If you haven't created your own eulogy yet, but someone has asked you to write and deliver one for a loved one, these tips will help you thru the process. (This article was originally published here.)
You may not need this advice today, but sometime in the future it is likely that you could be called upon to speak words of remembrance for a friend, coworker or loved one. When that time comes, it is important to understand what you have been asked to do — and what you have not been asked to do.
A “eulogy” is a “commendatory oration” in honor of the deceased, according to a dictionary definition. This is an old-fashioned word that may not be used in churches as much as it once was. Sometimes these spoken words get listed as “remembrances” or “memories.”

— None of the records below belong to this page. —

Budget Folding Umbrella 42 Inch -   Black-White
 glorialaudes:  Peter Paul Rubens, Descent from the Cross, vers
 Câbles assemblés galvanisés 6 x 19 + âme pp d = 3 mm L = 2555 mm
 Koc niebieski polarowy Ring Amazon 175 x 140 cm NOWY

Properly done, the eulogy can become the most meaningful and most memorable part of a funeral or memorial service. Poorly done eulogies, on the other hand, inflict pain on everyone present. Every pastor can tell tales of enduring eulogies run amok.
For when you are called upon to give a eulogy, here are seven tips for doing the right thing in speaking well of the dead:
Write it down. No matter how much you pride yourself on being an extemporaneous speaker, write down what you want to say. Funerals are rife with emotion, and tears will sneak up on the bravest of speakers. Having something written down in front of you gives you something to draw your attention from the emotion of the moment and keep pushing forward. It also helps you be brief, but that’s a separate point.
Be brief. Remember the immortal words of Shakespeare: “Brevity is the soul of wit.” Or remember the mortal words of my friend Doug: “No one ever was criticized for brevity.” A eulogy should be three to five minutes in length and seldom longer. The eulogist cannot give an encyclopedic account of the deceased’s life and times but instead must give highlights that illustrate the character of the person.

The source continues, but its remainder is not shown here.